Giusto il giorno prima è stato consegnato mezzo maiale. Per Casanova è normale utilizzarne ogni parte. Per questo motivo non solo produce il suo prosciutto, ma impiega anche la testa dell’animale. Propone la lingua e le guance nel menù, mentre insieme al suo team ricava una salsiccia dalla carne della testa. Casanova non ha dubbi: per il suo successo si affida alla brigata di cucina.
Quando esco alla ricerca di nuovi ingredienti, mi sento come Indiana Jones che va a caccia di un tesoro.

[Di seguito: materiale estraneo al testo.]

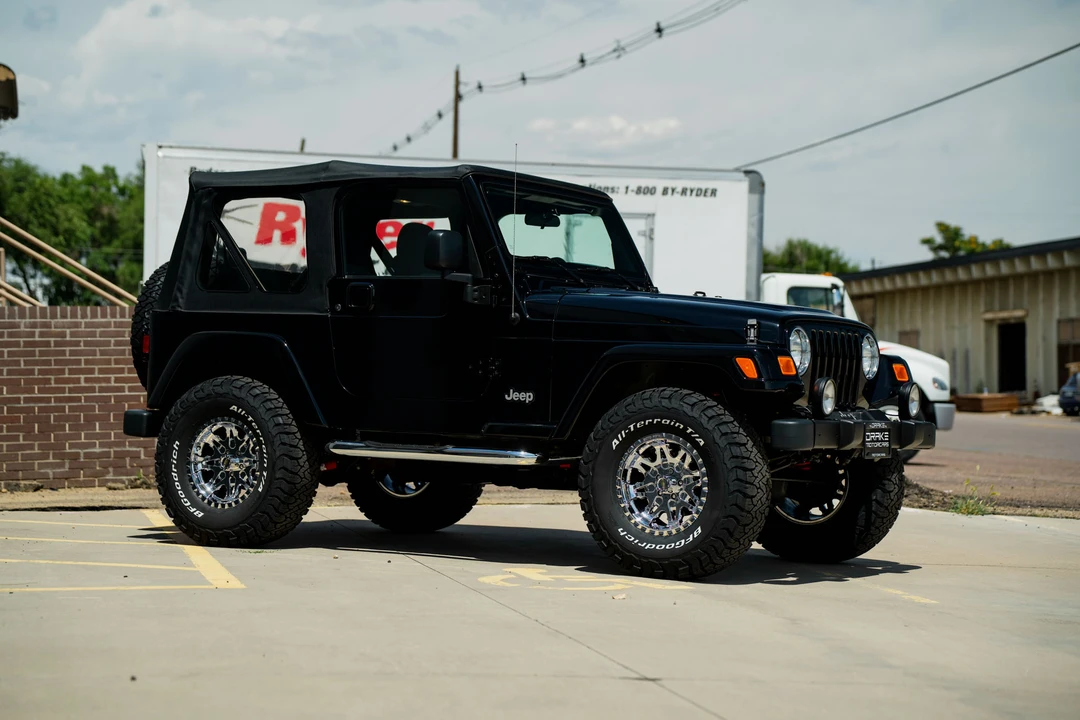 2005 Jeep TJ Wrangler - Image 9 of 31
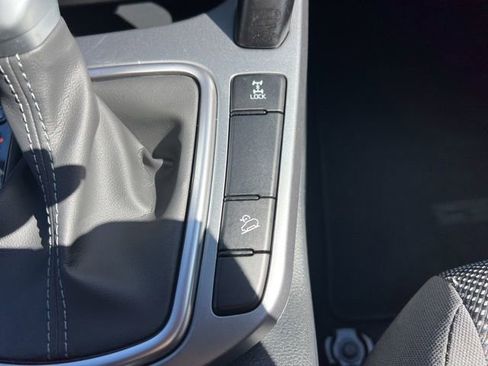 Certified 2024 Kia Seltos LX image 23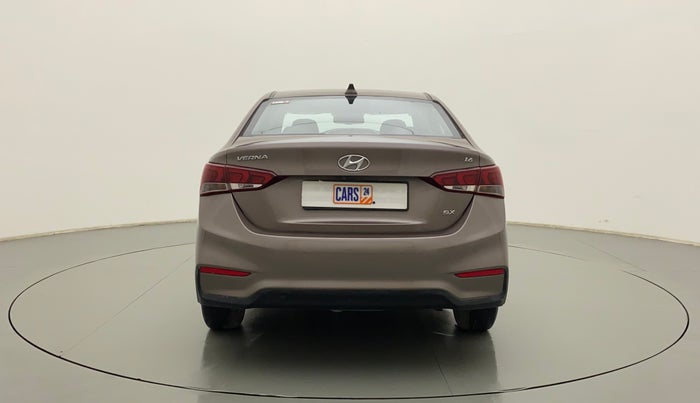 2019 Hyundai Verna 1.6 VTVT SX, Petrol, Manual, 84,648 km, Back/Rear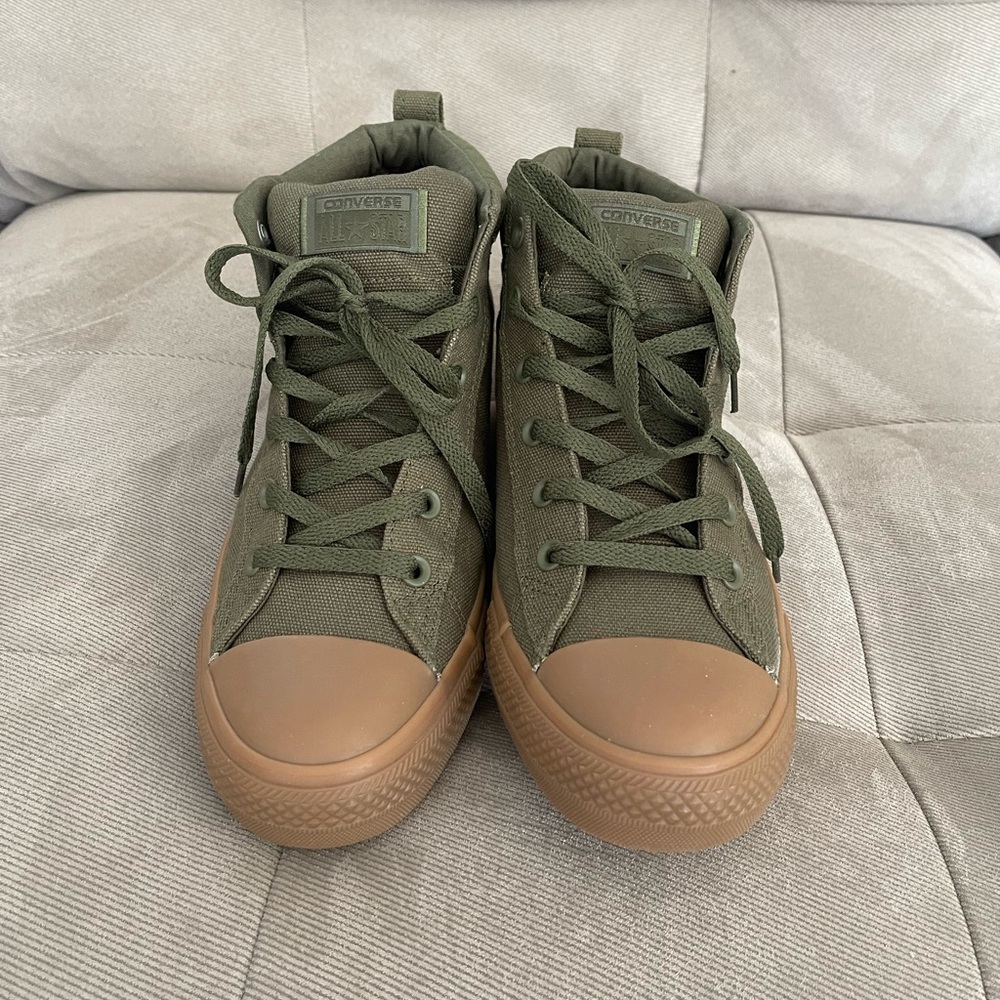 Brand New Mens Converse
CTAS STREET MID
HERBAL/DARK HONEY/DARK HONEY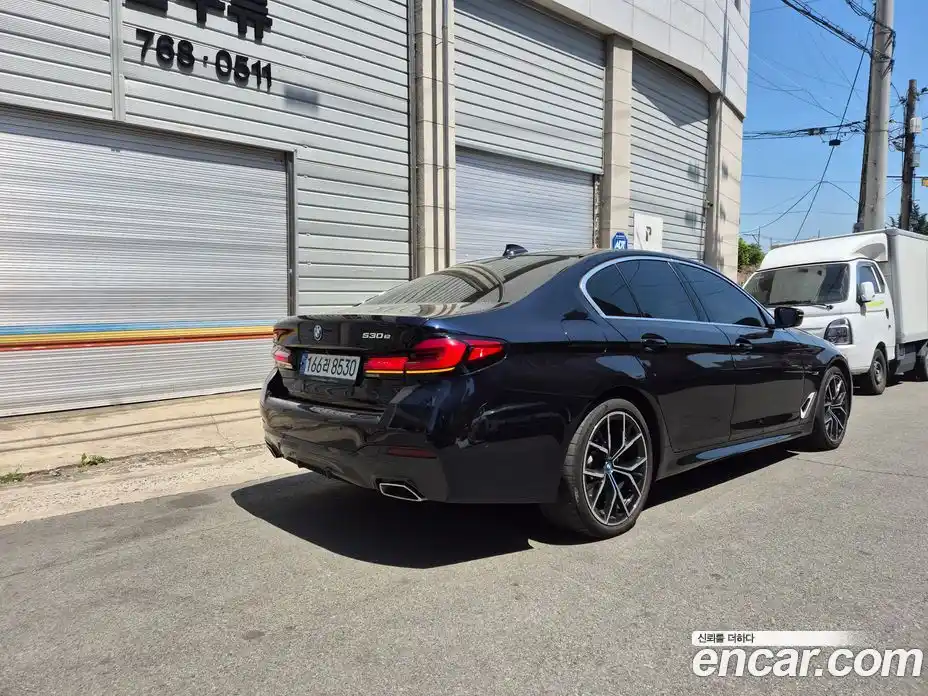 BMW 5-Series 2022 2.0 гидро, фото 2
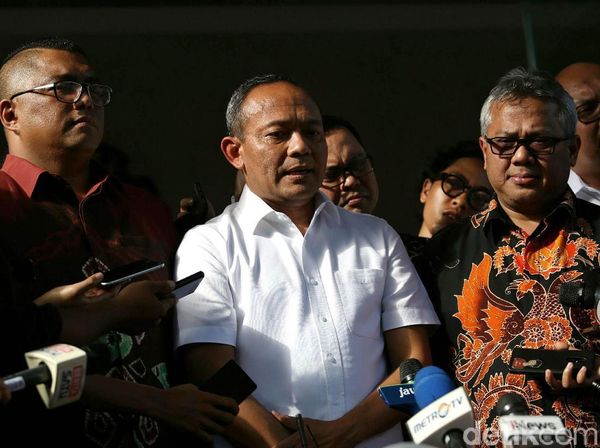 KPU, Lawan yang Ganggu Pemilu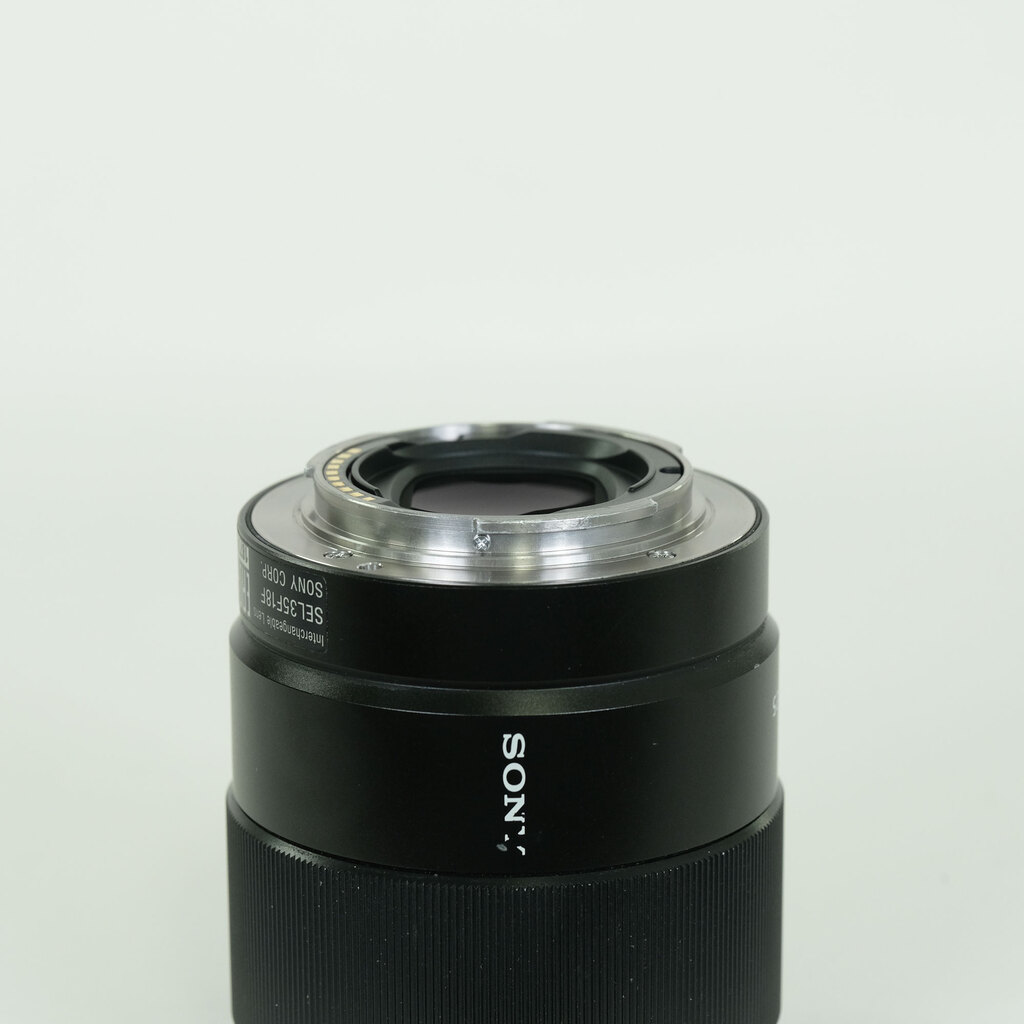 SONY FE 35mm F1.8 SEL35F18F SONY FE 35mm F1.8 SEL35F18F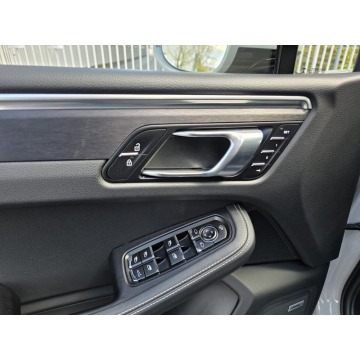 Porsche Macan  Terenowy 2022,  2.9 benzyna, automat - Na sprzedaż za 299 000 zł - Warszawa - zdjęcie 7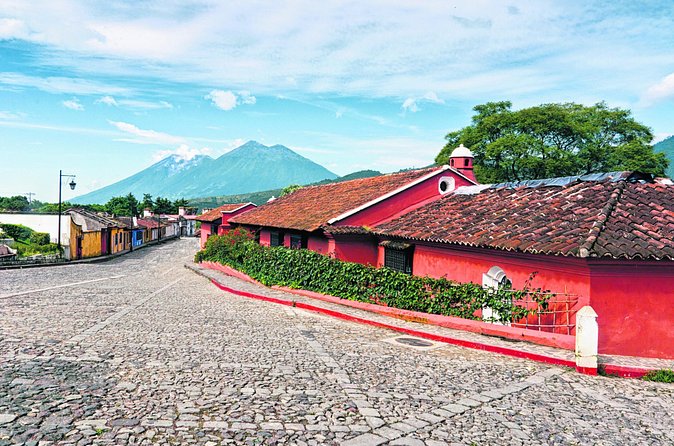 Antigua Guatemala Full Day Tour - Casa del Jade, a look at local stonework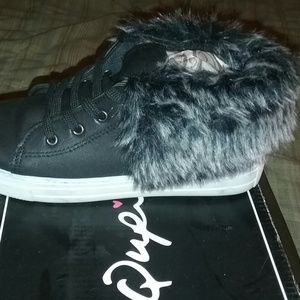 Sneaker with the fur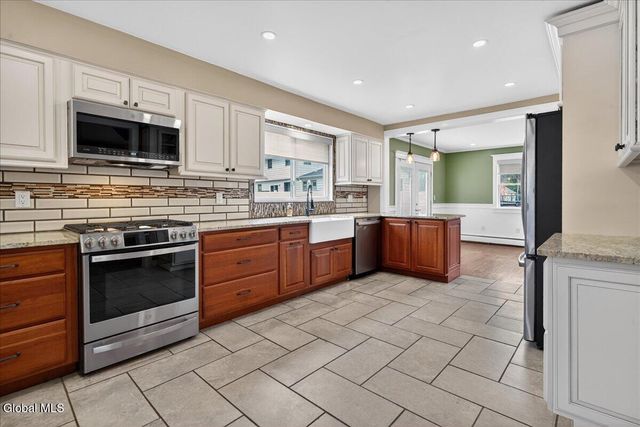 26 Ashley Drive, Clifton Park, NY 12019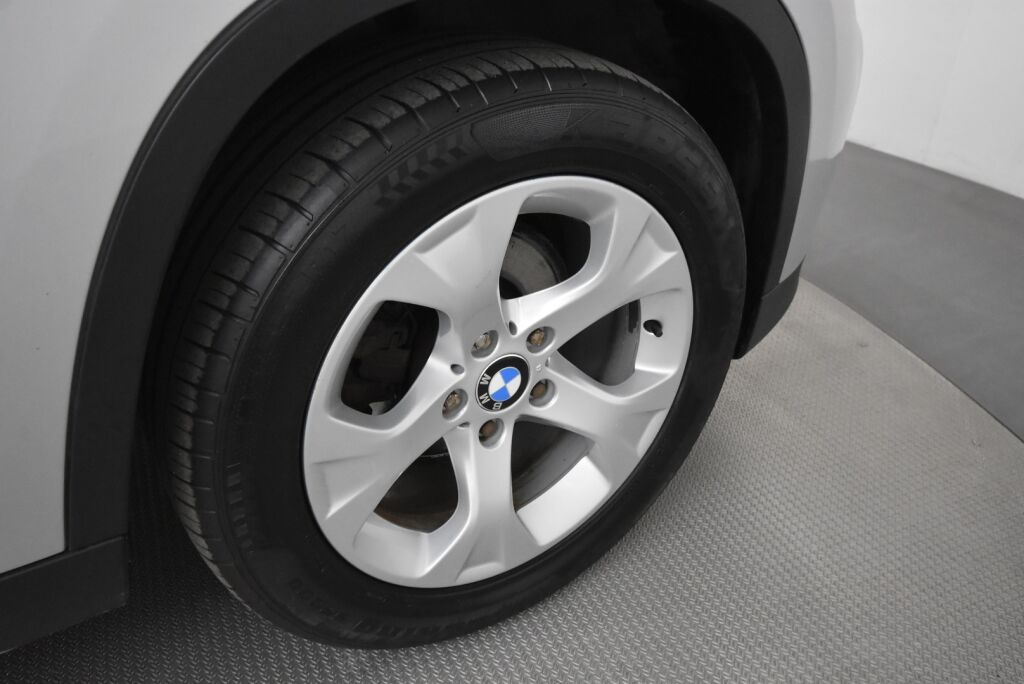 BMW X1 2012 xDrive20d TwinPower Turbo A Limited xDrive Edition / Xenon valot / Lohkolämmitin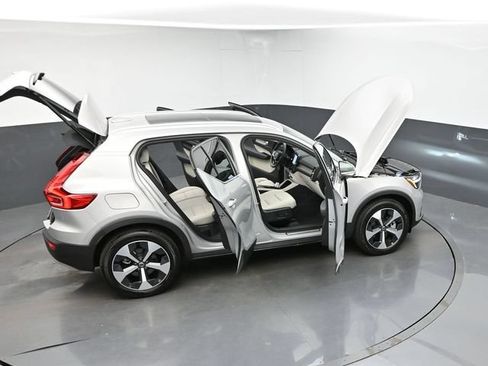 Used 2025 Volvo XC40 B5 Plus AWD/4WD image 46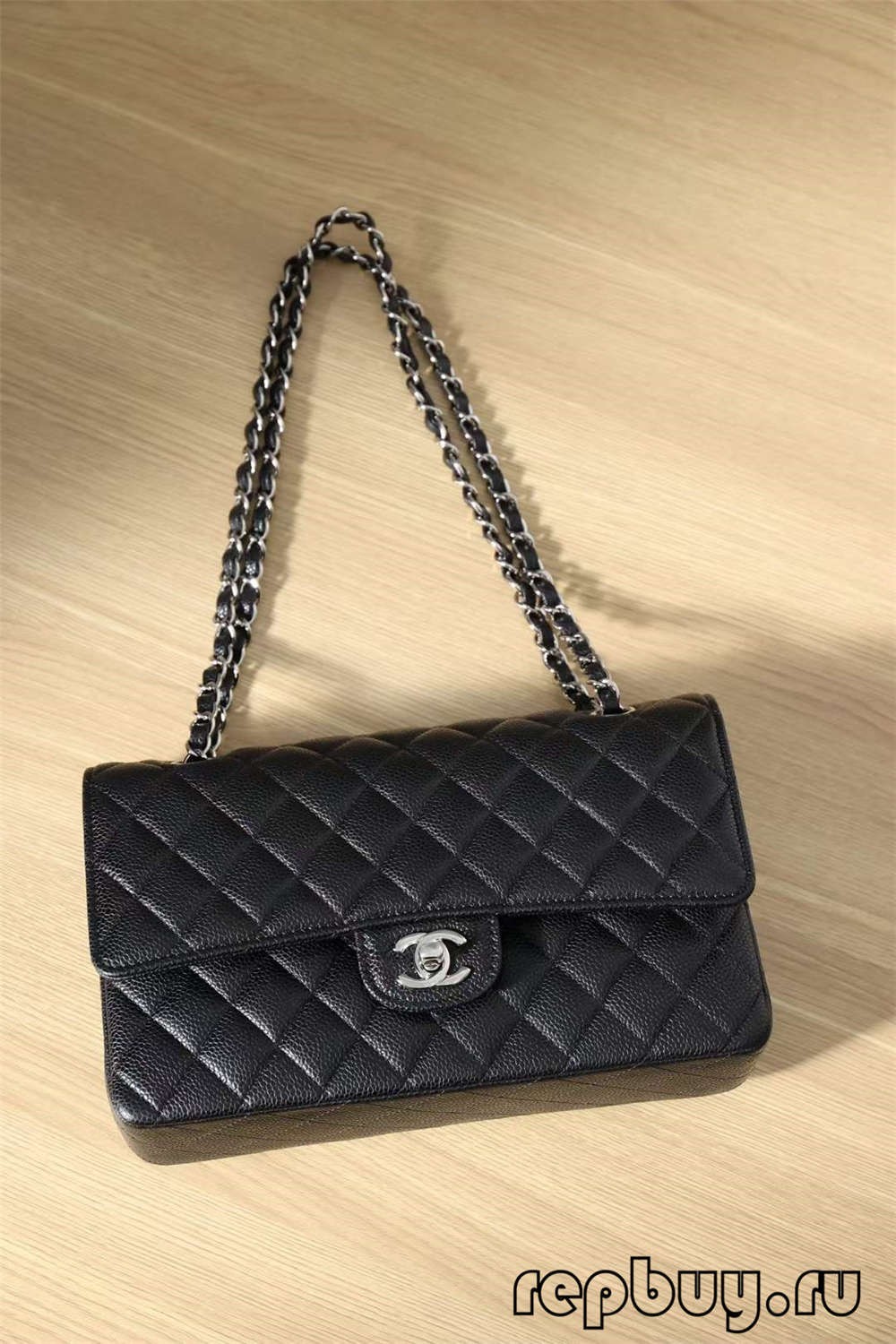 Best Replica Handbags Storeသည် အချိန်တိုင်းအရောင်းရဆုံး— Chanel ၏ ထိပ်တန်းပုံစံတူ Chanel ၏ ဂန္ထဝင်အလတ်စားဆုံး 25cm Classic Flap (Chanel CF Caviar Leather Black) (2022 အပ်ဒိတ်လုပ်ထားသည်)-အရည်အသွေးအကောင်းဆုံးအတု Louis Vuitton Bag အွန်လိုင်းစတိုး၊ ပုံစံတူဒီဇိုင်နာအိတ် ru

Paolo Casanova, Green Chef of the Year 2023
I membri dello staff fanno parte della famiglia. Loro sono tutto per me, senza di loro non potrei lavorare. Quando ho un’idea per un nuovo piatto, mi aiutano a realizzarla. Sono professionisti di tutto rispetto che sanno fare bene il loro mestiere. Per il ristorante non contano solo gli ingredienti, ma anche il personale e le competenze necessari per trasformarli in buon cibo.
I suoi piatti hanno spesso un titolo molto eloquente che lascia intendere un’idea chiara. Cosa la spinge a cucinare in questo modo?
Vengo da una famiglia di ristoratori. La mia carriera sembrava già segnata. Inizialmente ho scelto una strada diversa e ho lavorato come grafico. Un giorno, però, mio padre mi disse che avrei dovuto frequentare la scuola alberghiera. Lì ho notato che potevo esprimermi in modo creativo anche cucinando. A 26 anni sono diventato chef. Da allora il mio modo di cucinare non ha mai smesso di evolversi. E oggi, a 42 anni, ho semplicemente più cose da raccontare.
I suoi piatti non sono ascrivibili a uno stile ben preciso. La sua cucina non è né italiana, né francese e nemmeno tipicamente alpina. Come definisce il suo stile culinario?
È uno stile molto personale. Chiaramente sono stato ispirato da Massimo Bottura, con cui ho lavorato (nota: uno chef italiano, la sua Osteria Francescana è stata a lungo il miglior ristorante del mondo), e da René Redzepi, anche se non ho mai lavorato per lui (nota: uno chef danese, il suo ristorante Noma ha ridefinito la cucina nordica ed è stato anch’esso il miglior ristorante per diversi anni). Senza di loro, la mia cucina non sarebbe quella che è oggi. Con i miei piatti esprimo le cose che mi stanno più a cuore, come l’inquinamento e la sovrapesca nei mari. Ecco perché nel mio menù non utilizzo il tonno e il pesce spada, ma preferisco puntare sui pesci d’acqua dolce. Uno dei miei piatti si chiama «Un mare di insostenibilità» e interpreta questo tema in chiave culinaria.